My iPhone snaps (next year the real camera comes):
Burma Shave ... you know the lore. And if you don't, then you can read all about it.
While it's too late at night to go deep on this year's Nashville Roundup and the good people of GDP I met there, and Fred and Joe, and the good times we had, and how much it meant to me to go...
I do want to say a word about the real spirit of Hachland Farm -- our beloved Phila -- because I feel not nearly enough has been said about her.
She makes your stay all the more heavenly. It started right from the start:
Curt and I arrived early Friday afternoon, exhausted from a long all-night drive. I think SuperDave was down at the barn, but we didn't know he was there.
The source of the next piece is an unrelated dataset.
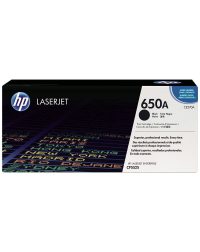 HP 650A toner LaserJet noir authentique (CE270A)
We pulled up, and there was Phila, and I was instantly tickled -- grinning and giddy -- because I knew I had just landed in heaven. There's just something about her. At 82, she has more voice and spunk and energy than 12 tigers put together. Plus, when you meet her, it's like deja vu all over again. You're home and you know it. And she offers you coffee (Le Monde, from New Orleans). Then she offers you a slice of home-baked almond pie. And you sit and talk, and listen. And if you keep listening, the stories start flowing...
Phila, a Southern Sweetheart of Hospitality if there ever was one... chef extraordinaire, a ferociously feisty foodie... a true epicurean enthusiast. She has rubbed elbows with Julia Child, hobnobbed with several U.S. presidents, flown the friendly skies to Europe, Japan and more, starred in the first Tennessee cooking show during the live-TV era of the 1950s... heck she even wrote the original menu for the original Cracker Barrel restaurant --- now a famed restaurant chain (where some darn good southern cooking can be had) stretching across the South.
She -- through her lively voice, amazing food and warm grace -- just set the tone for the entire weekend. And from there, it just kept getting better.
Phila, Saturday morning, making biscuits.
She was up at 5 a.m. every day, and if you came back from the barn at 12:00 a.m., there she was still, back at the house, and she'd offer tea.
The unforgettable Phila, at her oven.